L’école primaire faisait du camarade président un héros que les héros du monde entier venaient voir pour sa sagesse ! On sent l’adolescent encore plein d’admiration devant le héros, sous le coup de la leçon d’instruction civique toute soviétique donnée par le maître ! Michel se souvient d’avoir été à l’aéroport lorsque le camarade président avait reçu Nicolae Ceausescu venu de Roumanie ! Idem avec George Pompidou, qu’on appelait Tonton et non pas camarade parce que « la Révolution des Français était périmée depuis longtemps ». Le camarade président avait aussi rencontré Mao Zedong, car « c’est la Chine qui est la grande sœur, c’est elle qui nous a cadeauté les hôpitaux, c’est elle qui nous a construit gratuitement le barrage… grâce à ce barrage qu’il y a le courant jusqu’au Zaïre ». Bref, c’est ça après la décolonisation, il y a les Soviétiques, la Chine… Le camarade président, lorsqu’il va en Union soviétique, y est comme chez lui. Beaucoup de Congolais y vont pour étudier. Ce camarade président va aussi à Cuba, et avec Fidel Castro ils disent du mal des Américains qui ne veulent pas que les Cubains se développent. Les Cubains peuvent venir au Congo quand ils veulent, pour y entraîner les militaires et « aider d’autres camarades de notre continent qui se battent contre les complices de l’impérialisme ». Le camarade président va aussi voir d’autres présidents d’Afrique, par exemple Khadafi, car « quand on est ensemble et soudés l’impérialisme ne peut pas trouver par quel trou passer ». On sent la guerre froide passer par l’Afrique, dans le sillage de la décolonisation, mais que, comme on va le voir, la France reste aussi là, en formant à Saint-Cyr les militaires africains ! Pour le jeune Michel, les gens des autres pays africains se sentent tous congolais. La fierté congolaise est inculquée à fond à l’école primaire ! Et c’est la chanson soviétique sur les cigognes qui sont immortelles qui l’imprime au cœur des écoliers. Michel a appris à l’école à aimer le camarade président comme il aime papa Roger.
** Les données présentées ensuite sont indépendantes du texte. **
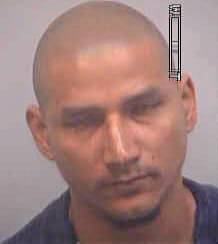 Alvarenga Samuel - Fulton County, GA 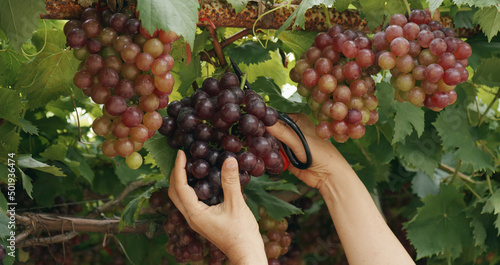 Senior female hands harvesting black Maroo seedless grapes cutting it from grapevine in vineyard. Growing table grapes at home the healthy hobby and wine tourism concepts. photo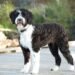 Portuguese Water Dog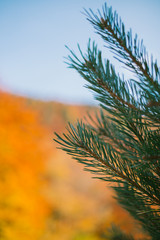pine tree close up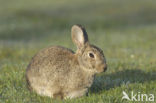 Konijn (Oryctolagus cuniculus) 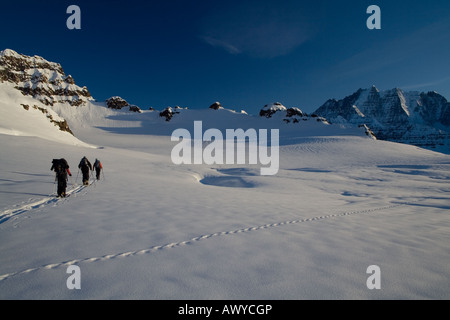 Trois alpinistes éviter crevasses lorsque le ski de randonnée sur un glacier du Groenland dans le soleil de minuit. Banque D'Images
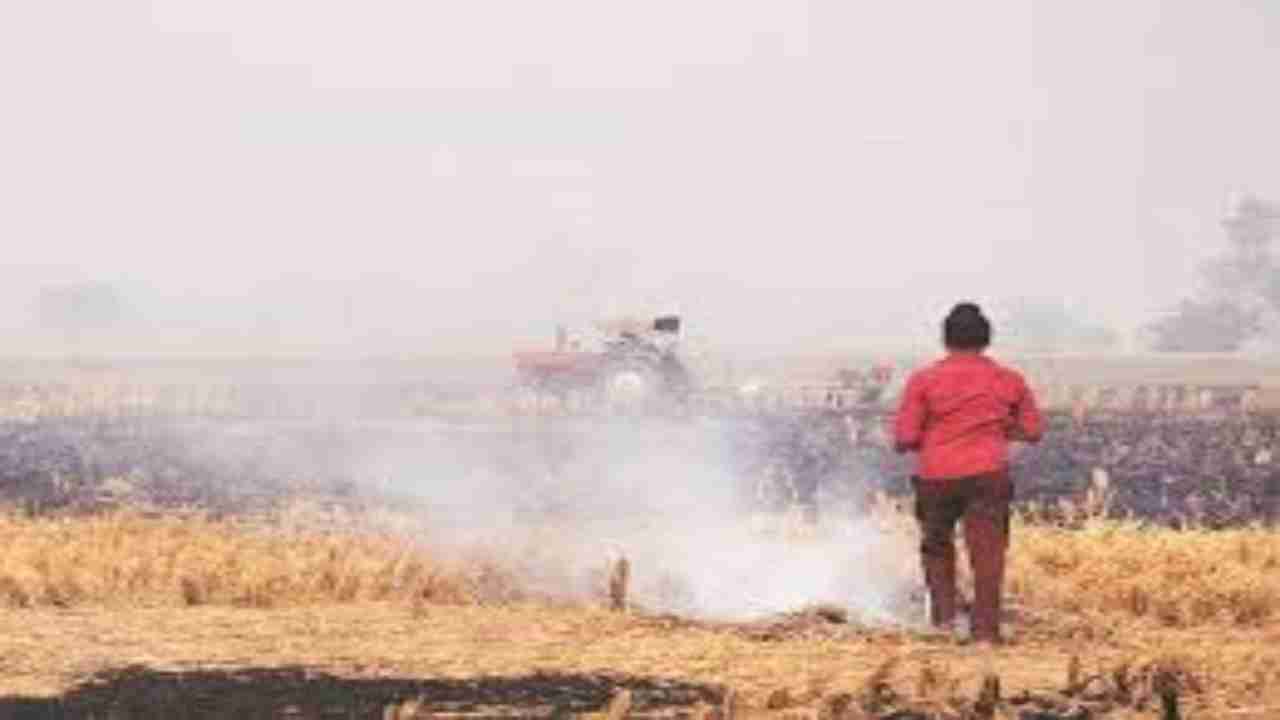Stubble burning role in Delhi's foul air to be lesser this year, claims CPCB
Mais tout n’est pas si juste dans ce Congo socialiste ! Par exemple, les camions de la Voirie de Pointe-Noire « ramassent les poubelles devant les maisons des capitalistes noirs et font semblant de ne pas remarquer qu’il y a aussi des ordures devant les parcelles des gens comme les Malonga et nous autres » !

Maman Pauline a, par orgueil, car ça compte beaucoup de montrer aux autres, acheté une parcelle, et fait construire dessus une maison, mais en planches, parce qu’en dur c’est trop cher. C’est une maison « en attendant » ! Dans la boutique « Au cas par cas », les « prix ne sont pas fixés pour de bon, ça dépend de si vous connaissez ou pas Mâ Moubobi » ! Cette femme, parce que son fils dormait à l’école, a soulevé son pagne devant tout le monde pour montrer sa nudité, avant de retirer son fils de l’école pour qu’on ne se moque plus de lui ! Ah ces mères africaines ! Dans son commerce, elle montre à ceux qui oublient de la payer la photo du camarade président qui est au mur derrière elle, afin que la crainte et le respect inspirés par le chef de la Révolution socialiste congolaise les obligent ! Un client remarque que le jeune Michel, venu acheter des choses pour ses parents, a mal boutonné sa chemise. Comme endossant une fonction paternelle, il l’emmène à l’arrière de la boutique, pour qu’il la boutonne correctement. Tout le monde se sent investi de l’éducation des enfants, surveille qu’il ne perd pas la monnaie…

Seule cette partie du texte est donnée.